Philo John S, Yang Tzung-Horng, LaBarre Michael
Alliance Protein Laboratories, 3957 Corte Cancion, Thousand Oaks, CA 91360, USA.
Biophys Chem. 2004 Mar 1;108(1-3):77-87. doi: 10.1016/j.bpc.2003.10.010.
The state of oligomerization of macrophage migration inhibitory factor (MIF, also known as glycosylation inhibiting factor, GIF) in solution has been variously reported as monomer, dimer, trimer, or mixtures of all three. Several crystal structures show MIF to be a trimer. Sedimentation velocity shows a recombinant human MIF sample is quite homogeneous, with 98% as a species with s(20,w)=3.07 S and D(20,w)=8.29 x 10(-7) cm(2)/s. Using the partial specific volume calculated from the amino acid composition these values imply a mass of 33.56 kDa, well above that of dimer, but also 9% below the trimer mass of 37.035 kDa. Sedimentation equilibrium data at loading concentrations from 0.01 to 1 mg/ml show unequivocally that the self-association is extremely tight.

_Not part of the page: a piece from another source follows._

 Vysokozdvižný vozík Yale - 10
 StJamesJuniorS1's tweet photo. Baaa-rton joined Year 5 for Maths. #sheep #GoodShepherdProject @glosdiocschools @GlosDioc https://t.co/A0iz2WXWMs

However, the apparent mass is 33.53 kDa [95% confidence 33.25-33.82], again 9% below that expected for 100% trimer. To examine the possibility this protein has an unusual partial specific volume, sedimentation equilibrium was also done in H(2)O/D(2)O mixtures, giving 0.765+/-0.017 ml/g rather than the calculated 0.735 ml/g. With this revised partial specific volume, the equilibrium and velocity data each give M=37.9+/-2.8 kDa, fully consistent with a strongly-associated trimeric quaternary structure.
巨噬细胞迁移抑制因子(MIF,也称为糖基化抑制因子,GIF)在溶液中的寡聚化状态有多种报道,分别为单体、二聚体、三聚体或这三种形式的混合物。几个晶体结构显示MIF为三聚体。沉降速度表明重组人MIF样品相当均一,98%为s(20,w)=3.07 S和D(20,w)=8.29×10(-7) cm(2)/s的一种形式。根据氨基酸组成计算出的偏比容,这些值意味着质量为33.56 kDa,远高于二聚体的质量,但也比三聚体质量37.035 kDa低9%。在0.01至1 mg/ml的加载浓度下的沉降平衡数据明确显示自缔合非常紧密。然而,表观质量为33.53 kDa [95%置信区间为33.25 - 33.82],同样比100%三聚体预期的质量低9%。为了研究这种蛋白质是否具有异常的偏比容,还在H(2)O/D(2)O混合物中进行了沉降平衡实验,得到的结果是0.765±0.017 ml/g,而不是计算出的0.735 ml/g。采用这个修正后的偏比容,平衡和速度数据各自给出M = 37.9±2.8 kDa,与强缔合的三聚体四级结构完全一致。